• **GIVEN MATERIAL**
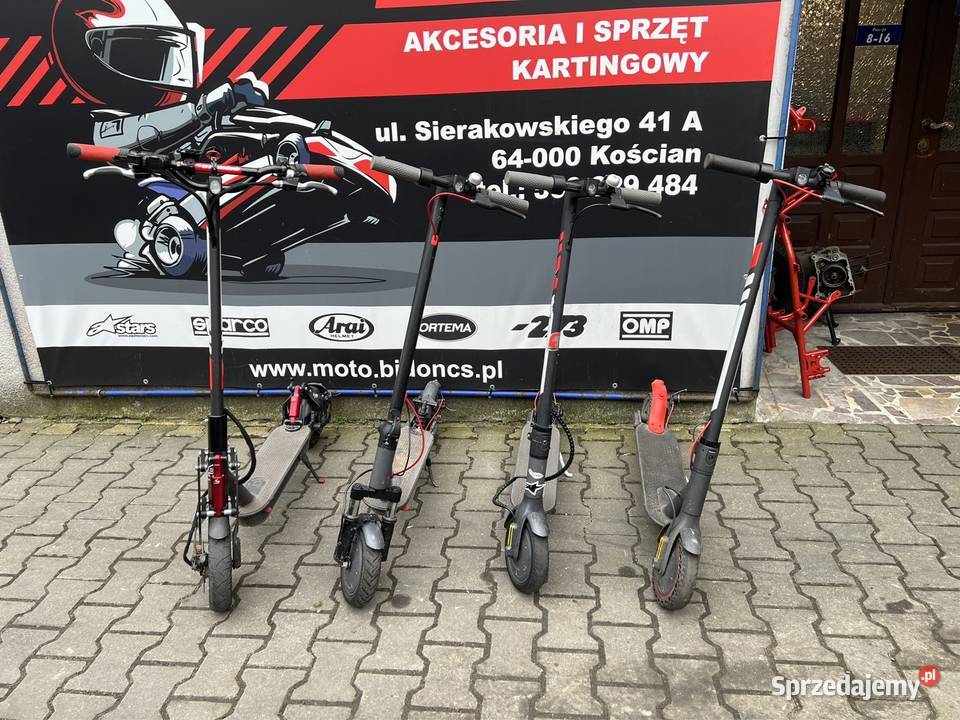 HULAJNOGA ELEKTRYCZNA EHART 365 WERSJA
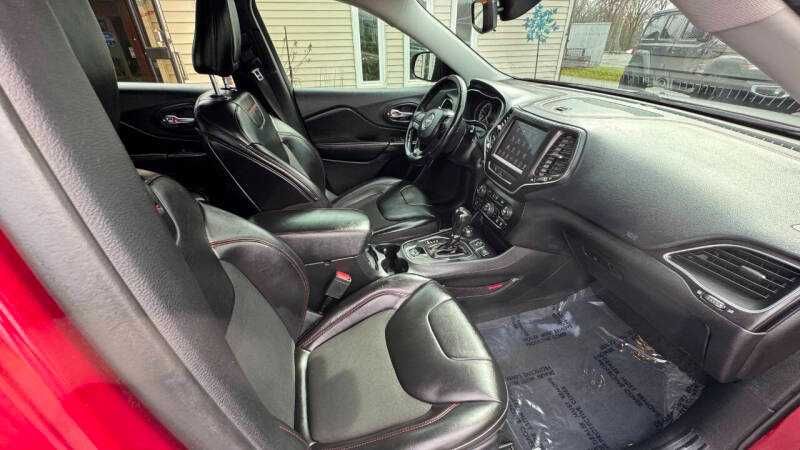 2019 Jeep Cherokee Trailhawk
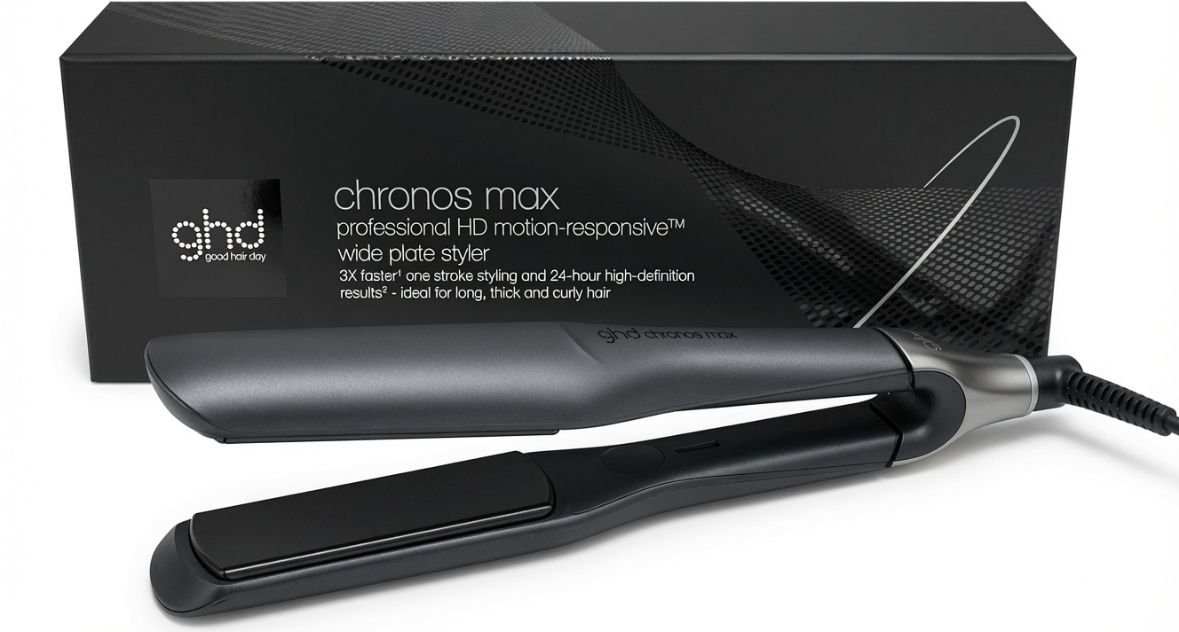PIASTRA GHD CHRONOS MAX NERA PIASTRA GHD CHRONOS MAX NERA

• **WHAT IS EXPECTED**
The result is an exact copy of the lines from the one holding "2019 Jeep Cherokee Trailhawk" through the final line of the data above, both ends included, minus the pictures.

• **RESULT**
 2019 Jeep Cherokee Trailhawk
PIASTRA GHD CHRONOS MAX NERA PIASTRA GHD CHRONOS MAX NERA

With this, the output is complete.